Another entry in the plethora of global cinema mining the depths of WWII and/or Nazi themed cinema is this title from the Netherlands, Winter In Wartime, a not so odd pick-up from Sony Pictures Classics’ Michael Barker and Tom Bernard considering their previous releases in The Counterfeiters and The White Ribbon straddle along such war dramas. Winner of the Golden Calf Award, as well as Best Actor (Martijn Lakemeier) and Best Supporting Actor (Raymond Thiry) at the 2009 Netherlands Film Festival, this Dutch title is certainly glossy and logically coherent, (especially in comparison to fellow countryman Paul Verhoeven’s similarly themed fare, the entertaining, hysteria laced Black Book, 2006) the generic, somnambulistic thrills leading to foregone conclusions make Wartime’s bland narrative one of the most declawed Nazi features of recent memory.
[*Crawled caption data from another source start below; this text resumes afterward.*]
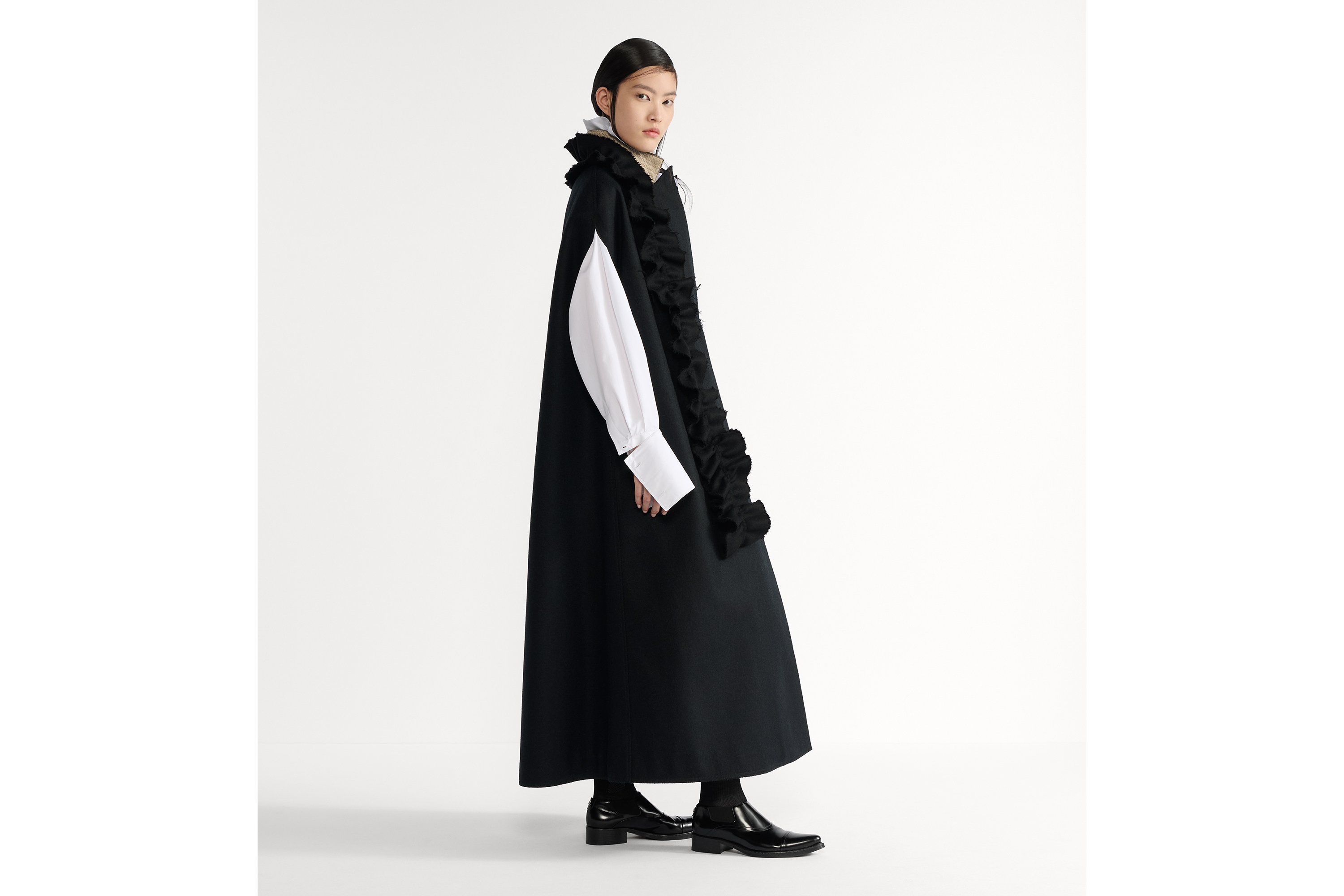 Cape with Removable Ruched Collar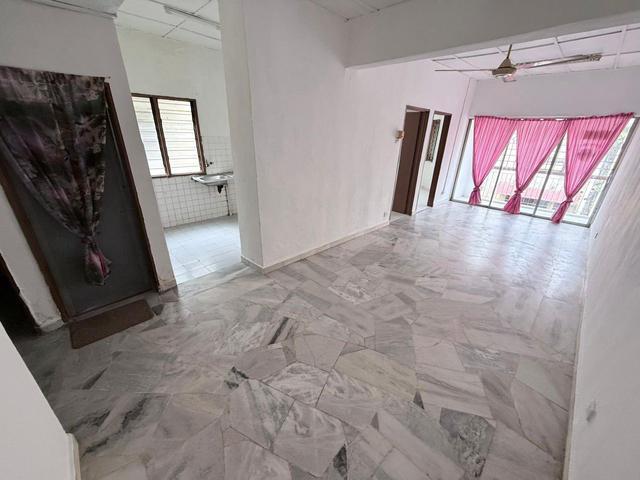 Shop Apartment Taman Sri Andalas Klang nearby MRT station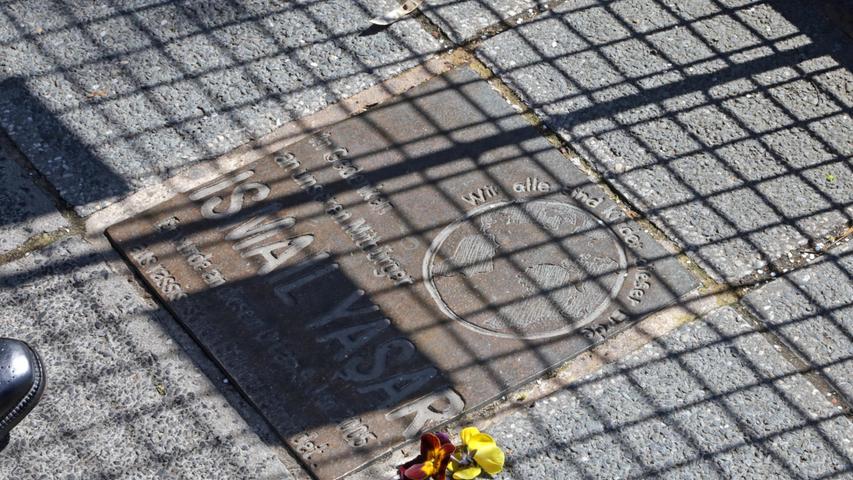Zu dem traurigen Gedenken wurde eine Bronzeplatte in der Scharrerstraße in den Boden eingelassen.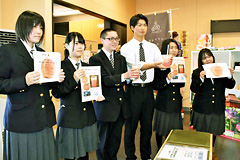 ���k����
Set in a small Nazi occupied village in the Netherlands, the film opens with a spectacular looking plane crash in a wintry landscape. A 13 year old boy, Michiel (Martijn Lakemeier) witnesses the crash, from which there is one survivor, a young British paratrooper, forced to kill a German soldier that also witnessed the crash. Michiel, son of the village’s mayor (a man who, you can tell within seconds, is obviously collaborating with the Nazis) hides the boy in an underground lair—though the thatched roof doesn’t seem as inconspicuous as perhaps they hope it to be. Michiel bonds with the young Brit, Jack (Jamie Campbell Bower, best known for his involvement in the Twilight series) but since he is wounded, Michiel must entrust his sister Erica (Melody Klaver), a nurse, for help. Erica, of course, takes an immediate fancy to the young Brit. Meanwhile, on the home front, director Koolhoven reveals the true nature of this story as a coming-of-age-tale rather than a WWII melodrama. Michiel’s relationship with his father seems obviously strained and this is aggravated by the sudden presence of his Uncle Ben, who may well be part of the Resistance.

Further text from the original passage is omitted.